ブラッサイ [著] ; 飯島耕一, 釜山健 共訳、みすず書房、1979年7月、288p、20cm
初版 カバー付 カバーヤケ無し 本体天少ヤケ小口と地 ヤケ無し 線引き無し 書き込み無し 保存状態良好です。
ブラッサイがミラーと出会ったのは1930年の暮れであった。
ミラーは妻ジューンの奔放な性生活に対する嫉妬やその桎梏から逃れるため、単身パリへやってきたところだった。

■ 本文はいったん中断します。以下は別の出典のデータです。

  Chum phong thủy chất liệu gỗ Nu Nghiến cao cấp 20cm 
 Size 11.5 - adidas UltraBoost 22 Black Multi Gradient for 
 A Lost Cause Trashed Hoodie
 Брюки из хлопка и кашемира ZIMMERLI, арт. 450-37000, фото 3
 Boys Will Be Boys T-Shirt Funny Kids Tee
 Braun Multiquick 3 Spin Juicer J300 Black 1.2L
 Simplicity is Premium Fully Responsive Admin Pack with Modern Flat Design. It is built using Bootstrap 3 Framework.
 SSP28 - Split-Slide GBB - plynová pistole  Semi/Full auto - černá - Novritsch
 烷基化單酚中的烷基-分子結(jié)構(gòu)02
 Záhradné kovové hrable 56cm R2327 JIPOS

そのころ作家をめざしていたミラーについて、ブラッサイはこう記している。
《彼は、他人の作品に学び、他人の文体にかぶれ、他人の影響にそれこそ素直に従っていた》
これではとうてい作家になれようはずもない。
だが、パリで極貧に近い暮らしをするうちにミラーはじょじょに脱皮していく。
やはり作家志望のオーストリア人と共同生活をしながら、夜のパリをほっつき歩いて浮浪者や娼婦に立ち混じり、道端で夜を明かしたあとは、朝の街の匂いに浸る……。
《ぼくに何が何でも必要なのは、魂なんかじゃないよ。ちょっぴりでもいい、本物の食い物が欲しいんだ》といいながらも、ミラーは猛烈に読み、かつ書いていたと、ブラッサイは証言する。
そうして書き上げたのが『北回帰線』である。
周知のように、この小説は《形式も秩序も思想の脈絡もない》。
だが――とブラッサイはいう。
《さまざまなエピソードを結びつける唯一の絆は、珍妙で、感傷的で、絶望的で、陽気で、悲劇的で、攻撃的で、猥褻で、すごく淫らな、そう、作者の個性であった》と。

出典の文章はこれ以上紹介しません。